After a trip to Israel in 1997 he authored an essay on the need for the inclusion of Yiddishist principles into the fabric of Orthodox Jewish life. He wrote:

Only through the acceptance of Yiddishism will Judaism finally after its 2,000 year exile reach the apex of its purpose...The opposition to Yiddishism historically was primerally from the extreme right wing of the religion. The modern Jewish community should not fear integration.

The article was highly controversial and much debate ensued. The debate within the Jewish community led Graeber to found the Jewish Scholarship Society.

==The JSS==
The Jewish Scholarship Society, also known as (in Yiddish) Der Yiddisher Gelerntkeit Gelzelshaft, according to its mission statement is to "mesh together Yiddishist principles with an active Jewish lifestyle". The organizations headquarters in Lawrence, New York houses a vast library. The libraries holdings include several antique items of significant historical importance as well as books ranging on topics from the Social Sciences to biographies on notable Jewish personalities.

It was founded in 1997 in New York. Its member base now exceeds 4,500, with members from several different countries and backgrounds. All prospective members must provide proof of their Orthodoxy with their application.

==Scholarship==
Graeber, as freelance journalist and scholar, has written on many topics, mainly within the scope of Jewish studies. He has been published in most Jewish newspapers, as well as on several on-line news sources. He has also been published in secular journals. Subjects of his writing have included graphology, rabbinical history, dangerous animals and several works of fiction.
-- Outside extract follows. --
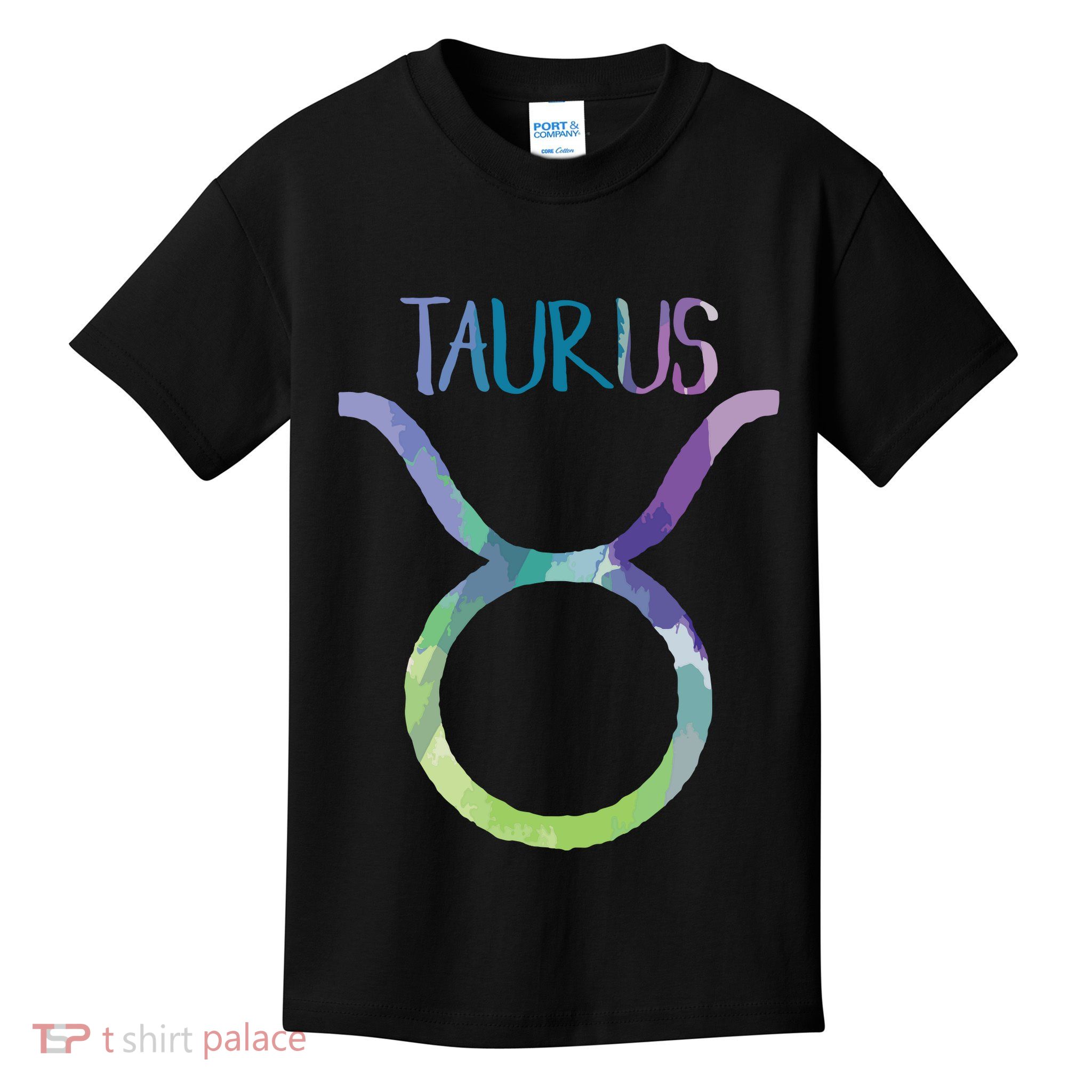 Taurus Zodiac Symbol Astrology Bull Earth Sign Kids T-Shirt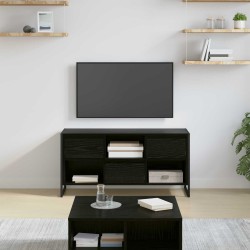Meuble TV Chêne noir 100 x 36 x 49,5 cm Bois d'ingénierie 628614628614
His most recent essay, "Eybeschutz–Emden Controversy Alive And Well", appeared this past March.

Several notable essays include: "The Spanish Cholov Yisroel Controversy of 1763 and its effects on the Jews of Barcelona", "Slobodka Yeshiva: Myth or Musser", "How Hungarian Jews have ruined American Judaism: A Complete History" and "West Side vs. East Side: Two communities. One park".

His article "How Hungarian Jews have ruined American Judaism: A Complete History" won the Rabbi Solomon Schechter Literary Award, and was published in March 1983 in "Rabbi Louis Finkelstein Quarterly". Other awards include the annually awarded Chazon Ish Grant for his contribution to the study of the prohibitions involved in Amirah L'Otzmoi.

He is currently working on his first book, tentatively titled The Dewey Decimal System's Jewish Inventors.